Sunday, 12 August 2012

An early Cricket from southeast India.

The Protogryllidae are a family of early Crickets known mainly from the Jurassic of Eurasia, with some members known from the Late Triassic of South Africa and the Early Cretaceous of England. It is doubtful that the group is truly monophyletic (including all the species descended from the first member), but rather it includes a number of early Crickets which cannot be placed into any other group; it is likely that all other Cricket groups are derived from this one.

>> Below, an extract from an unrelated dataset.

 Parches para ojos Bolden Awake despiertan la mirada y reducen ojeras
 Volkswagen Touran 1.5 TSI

In a paper published in the January 2012 edition of the Journal of the Kansas Entomological Society, Ricardo Pérez-de la Fuente of the Departament d’Estratigrafia, Paleontologia i Geociències Marines at the Facultat de Geologia at the Universitat de Barcelona, Sam Heads of the Section for Biodiversity & Systematics at the Illinois Natural History Survey at the University of Illinois, and Ismael Hinojosa-Díaz and Michael Engel of the Division of Entomology (Paleoentomology) at the Natural History Museum and Department of Ecology & Evolutionary Biology at the University of Kansas, describe a new species of Protogryllid from Andhra Pradesh State in southeast India, the first Protogryllid from India, which was not attached to Eurasia in the Jurassic.

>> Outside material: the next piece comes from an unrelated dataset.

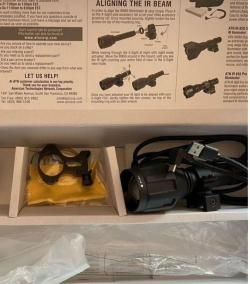 Цифровой прицел ATN LTV 5-15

Map showing the positions of the Earth's continents during the Middle Jurassic. Palaeos.

The new species is placed in the pre-existing genus Protogryllus, which has previously been used to describe fossils from the Late Triassic to Early Cretaceous of England, Germany and South Africa. This does not imply that these species are particularly closely related, as would be the case with modern species placed in the same genus, but rather that, given the fragmentary nature of the fossils, there is little to differentiate them, and that they are probably all more closely related to one-another than any of them is to anything else. It is highly likely that should more complete specimens become available, that many species would be removed from this genus.

The specimen is given the specific name lakshmi, after the Hindu goddess of wealth and prosperity. Protogryllus lakshmi is described from a partial forewing of a female animal, measuring 9.5 × 4.2 mm. It was found in the Middle Jurassic Kota Formation at the Tasch Outcrop, 2.5 km southeast of Kadamba Village in Adilabad District, Andhra Pradesh.

Protogryllus lakshmi. (Top) Photomicrograph (digital image taken through a microscope). (Bottom) Line drawing. Scale bars are 1 mm. Pérez-de la Fuente et al. (2012).